===== GIVEN DATA =====
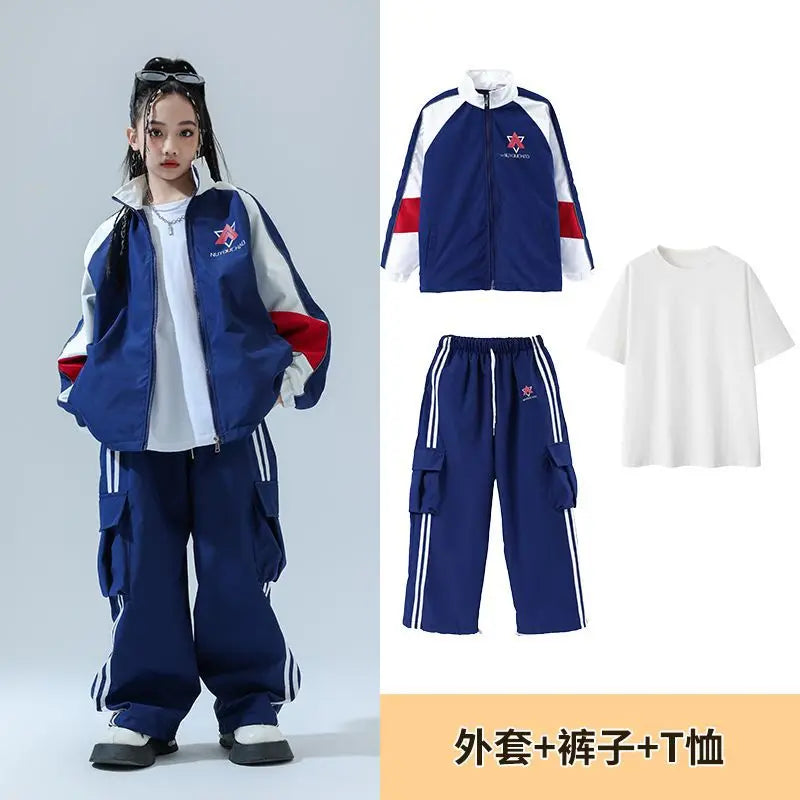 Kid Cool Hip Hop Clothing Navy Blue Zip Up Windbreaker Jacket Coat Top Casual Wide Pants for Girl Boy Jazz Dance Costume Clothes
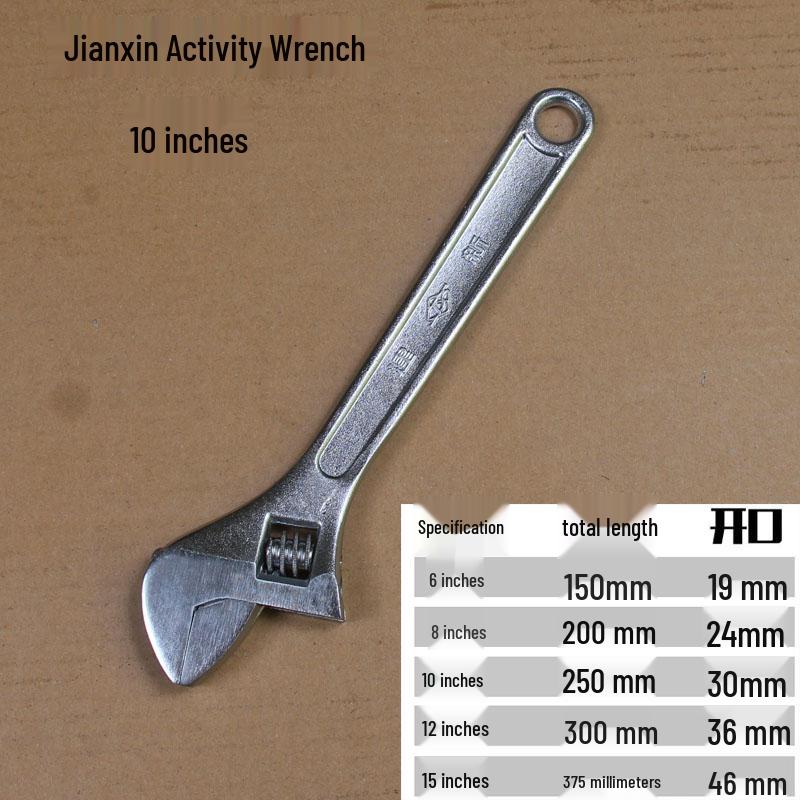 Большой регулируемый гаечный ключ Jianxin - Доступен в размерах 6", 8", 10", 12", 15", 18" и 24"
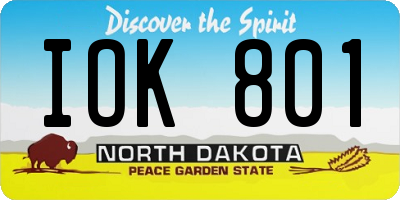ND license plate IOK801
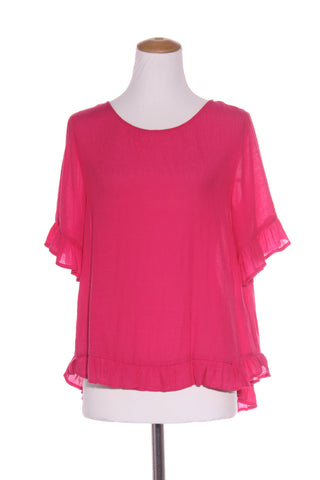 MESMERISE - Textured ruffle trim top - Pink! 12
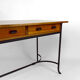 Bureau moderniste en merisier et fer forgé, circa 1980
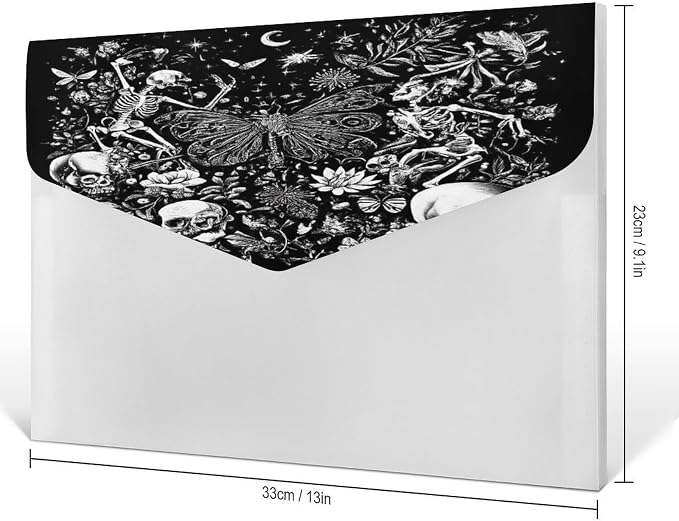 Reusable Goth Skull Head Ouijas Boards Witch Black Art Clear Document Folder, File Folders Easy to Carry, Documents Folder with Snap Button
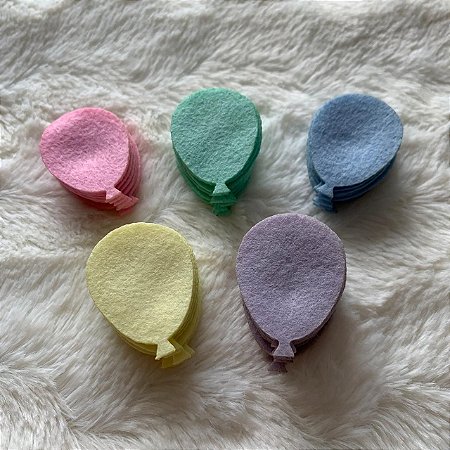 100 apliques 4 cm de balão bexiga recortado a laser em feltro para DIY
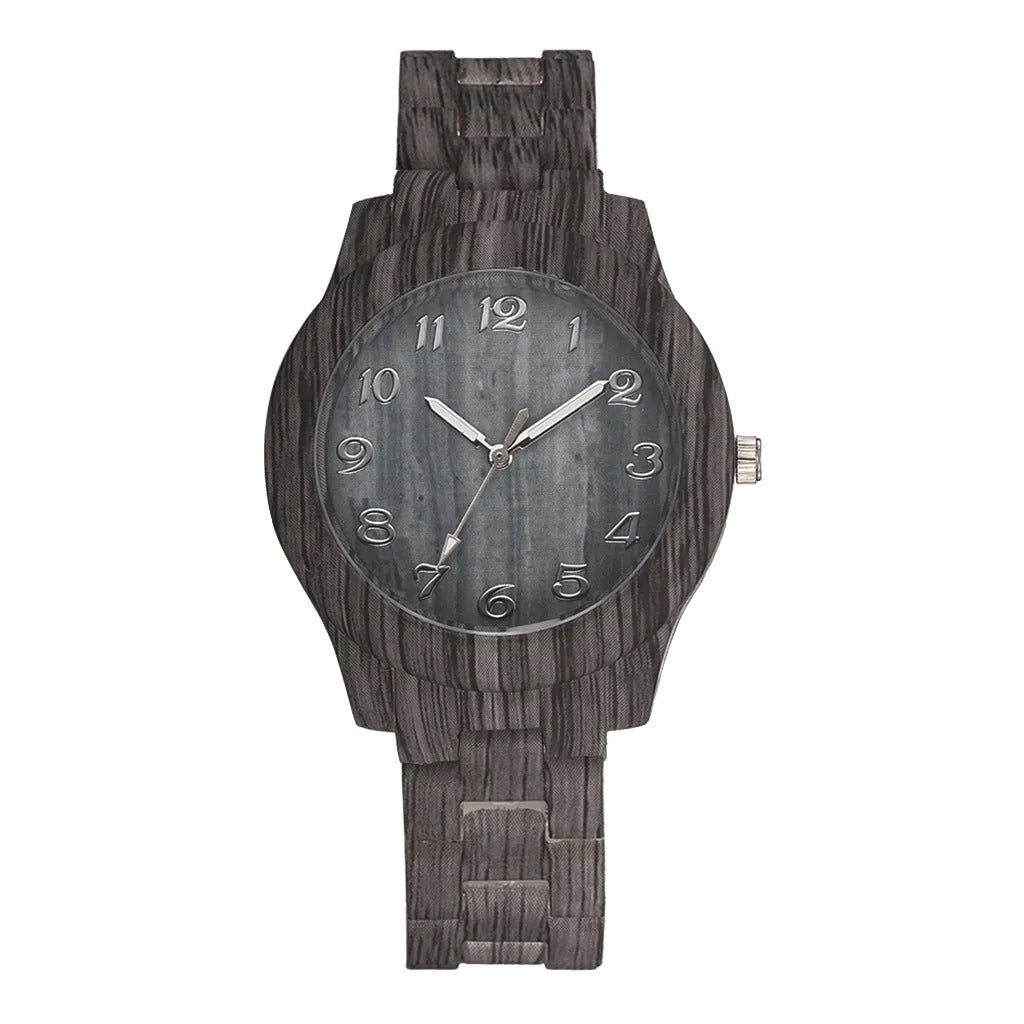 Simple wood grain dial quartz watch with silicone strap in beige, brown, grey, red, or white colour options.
=====
===== GIVEN DATA =====
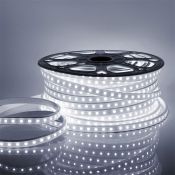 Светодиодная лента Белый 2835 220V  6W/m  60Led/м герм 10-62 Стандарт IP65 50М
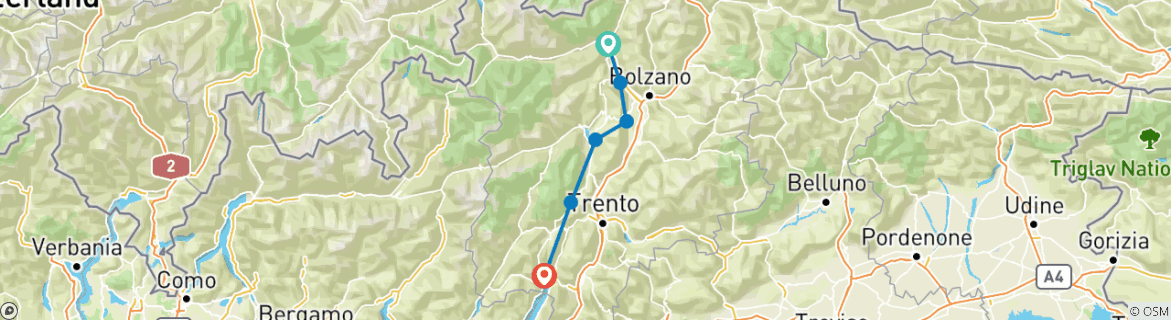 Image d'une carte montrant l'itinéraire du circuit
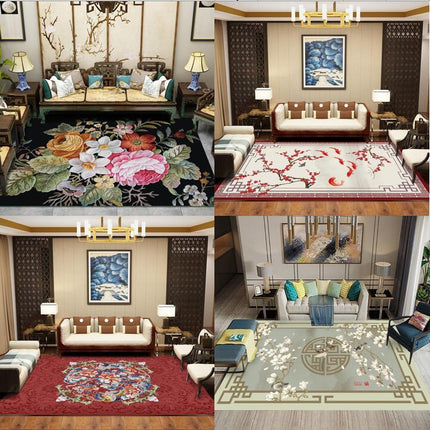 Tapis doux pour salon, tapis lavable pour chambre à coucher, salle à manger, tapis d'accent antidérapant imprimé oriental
=====
→ **TASK OBJECTIVE**:
Transcribe, from the material above, the stretch starting at the line with "Image d'une carte" and ending at the line with "Tapis doux pour", both included, exactly. Do not carry over pictures.

→ **YOUR SOLUTION**:
 Image d'une carte montrant l'itinéraire du circuit
 Tapis doux pour salon, tapis lavable pour chambre à coucher, salle à manger, tapis d'accent antidérapant imprimé oriental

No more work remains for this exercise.